- [Problem description]:
What is needed here is an exact printout of the data, with no pictures included.

- [Data]:
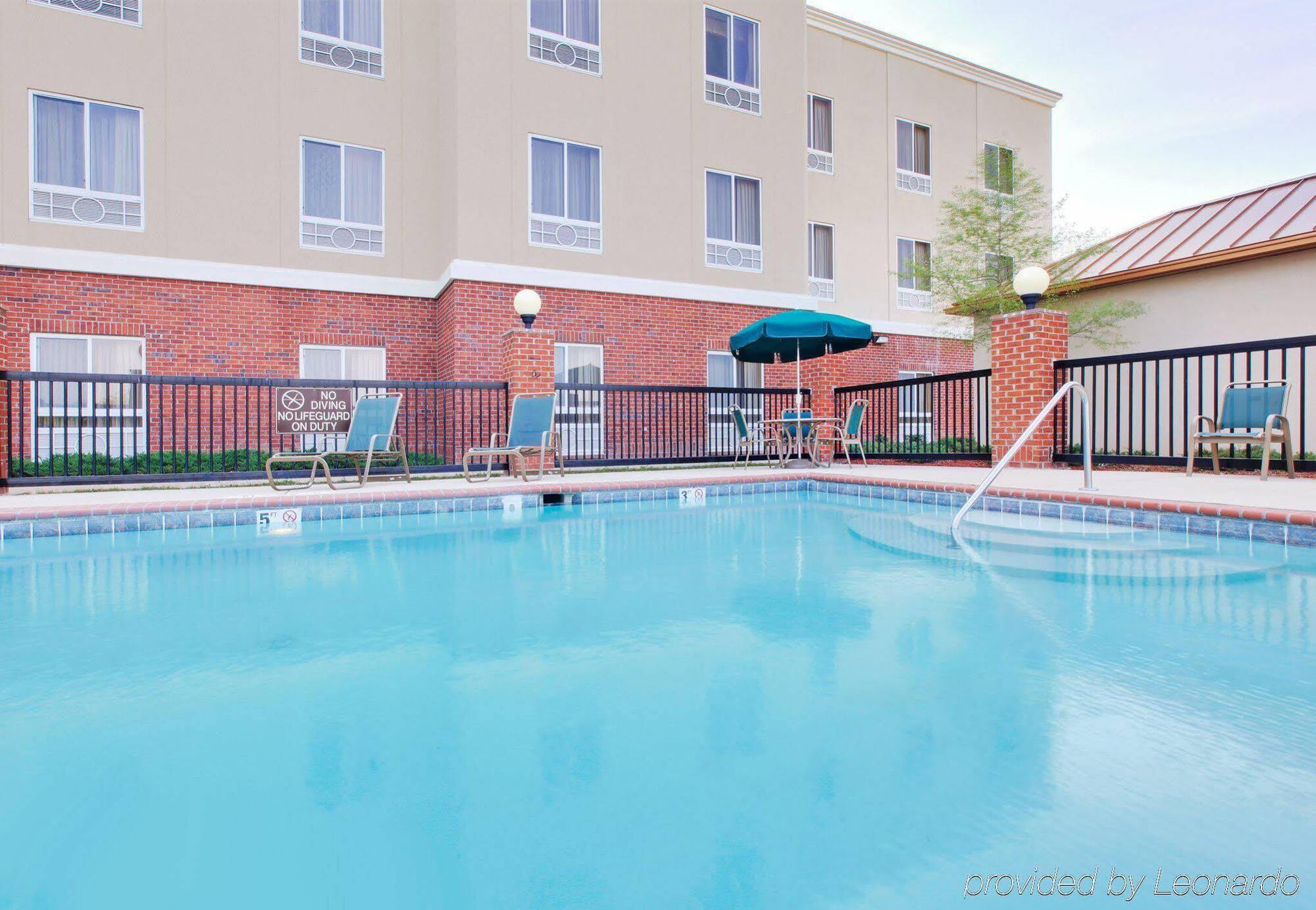 Holiday Inn Express Hotel & Suites Canton By Ihg Exteriör bild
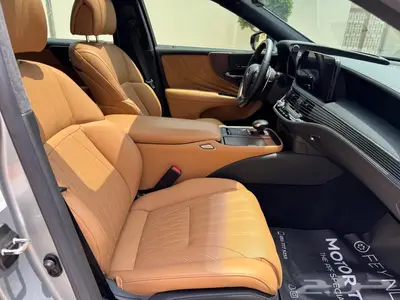 للبيع لكزس Ls 500 موديل 2021 11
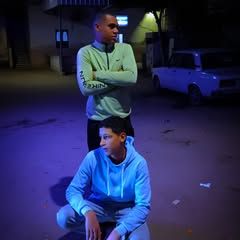 user907091873624128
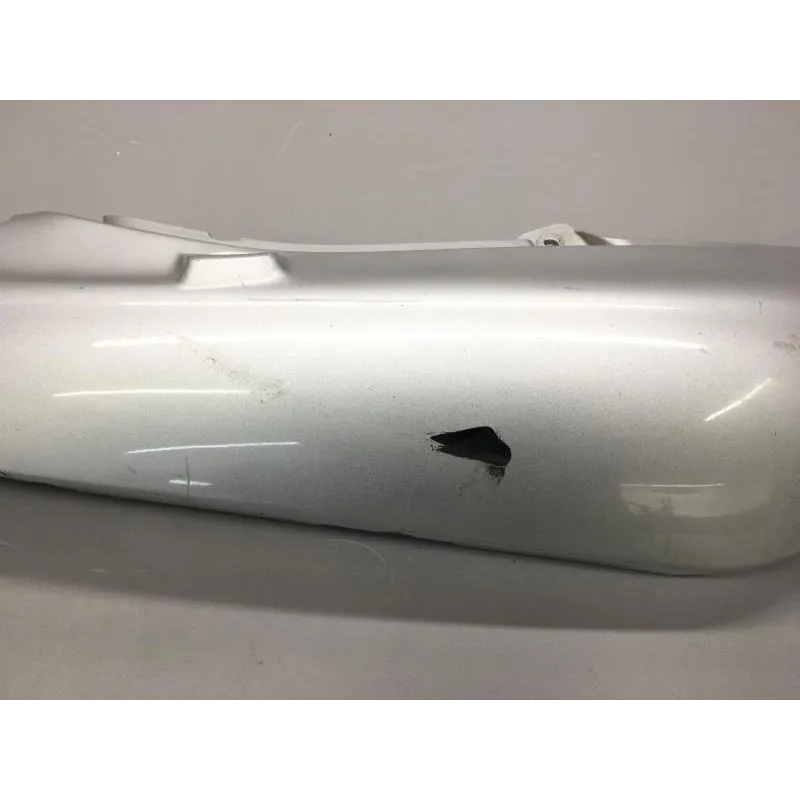 Cache carenage coque arriere droit YAMAHA XJ 600 N 1999-2002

- [Your response]:
 Holiday Inn Express Hotel & Suites Canton By Ihg Exteriör bild
 للبيع لكزس Ls 500 موديل 2021 11
 user907091873624128
 Cache carenage coque arriere droit YAMAHA XJ 600 N 1999-2002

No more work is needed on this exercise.